AIM OF THE TASK - Retype, word for word, every line from the one holding "Moneynonstop - Рублевый" through the one holding "Текущая стоимость доходов проекта это" in the entries below, both included, and only those lines.

(Beginning of MATERIAL SHOWN)

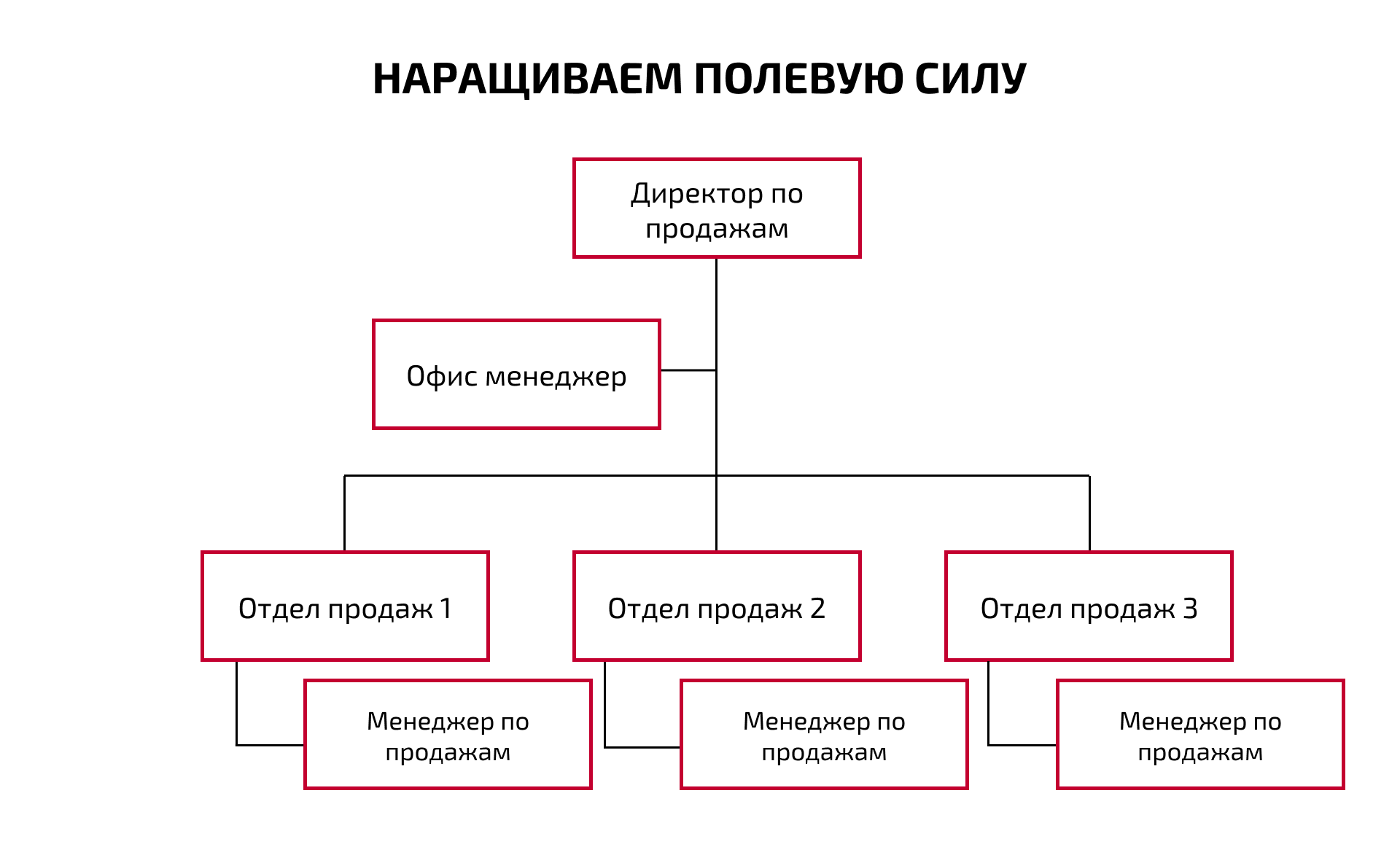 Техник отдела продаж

(End of MATERIAL SHOWN)
(Beginning of MATERIAL SHOWN)

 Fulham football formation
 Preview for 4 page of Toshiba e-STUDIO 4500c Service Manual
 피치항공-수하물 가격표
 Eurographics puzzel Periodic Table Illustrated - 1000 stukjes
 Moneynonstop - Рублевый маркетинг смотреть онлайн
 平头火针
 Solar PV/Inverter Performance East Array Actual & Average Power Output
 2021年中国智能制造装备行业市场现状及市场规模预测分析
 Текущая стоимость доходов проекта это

(End of MATERIAL SHOWN)
(Beginning of MATERIAL SHOWN)

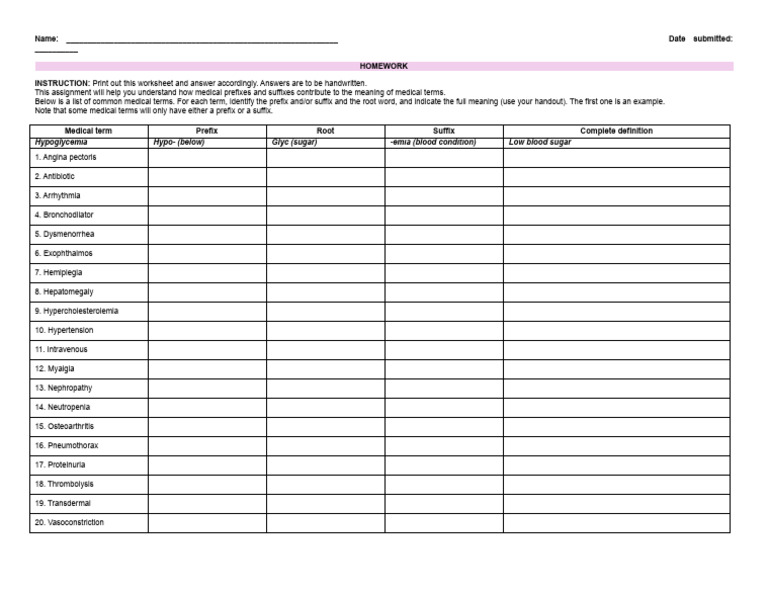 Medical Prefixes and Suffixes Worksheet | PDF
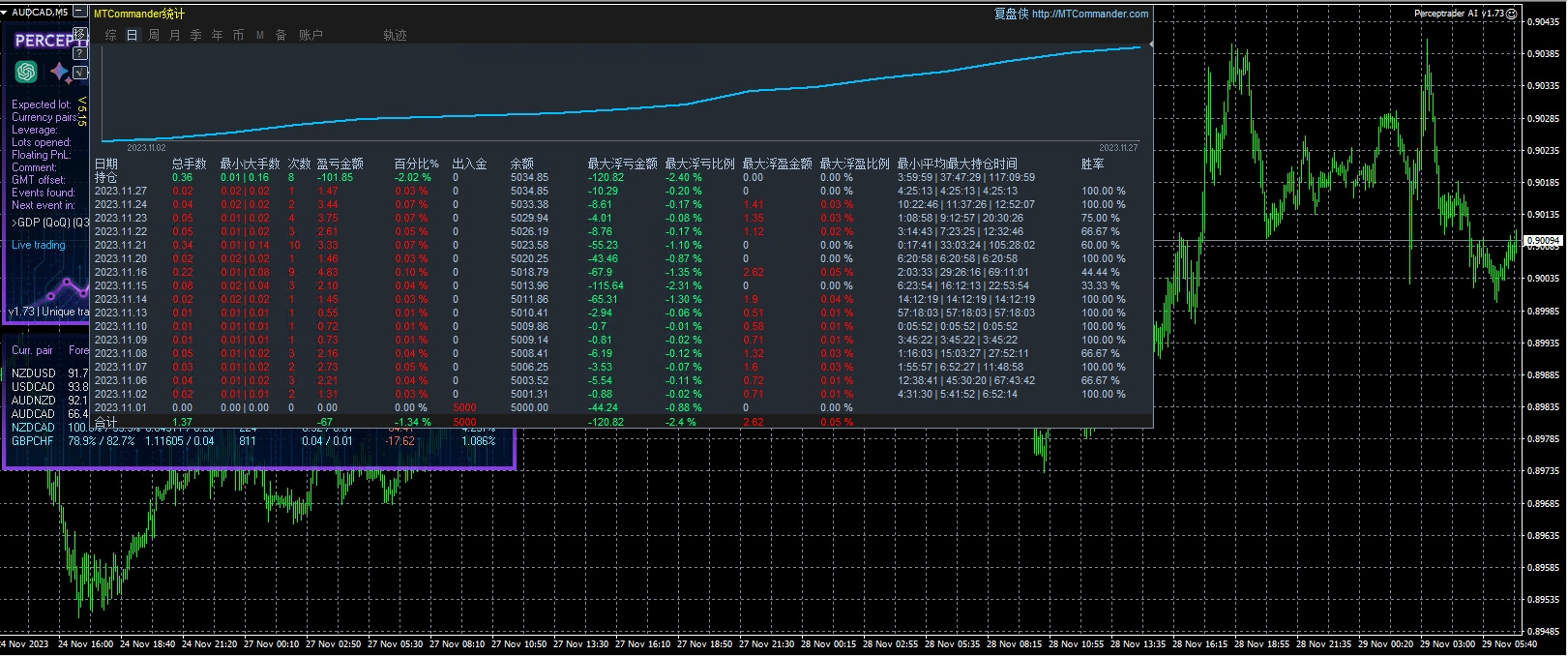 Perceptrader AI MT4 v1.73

(End of MATERIAL SHOWN)

EXERCISE RESPONSE -
 Moneynonstop - Рублевый маркетинг смотреть онлайн
 平头火针
 Solar PV/Inverter Performance East Array Actual & Average Power Output
 2021年中国智能制造装备行业市场现状及市场规模预测分析
 Текущая стоимость доходов проекта это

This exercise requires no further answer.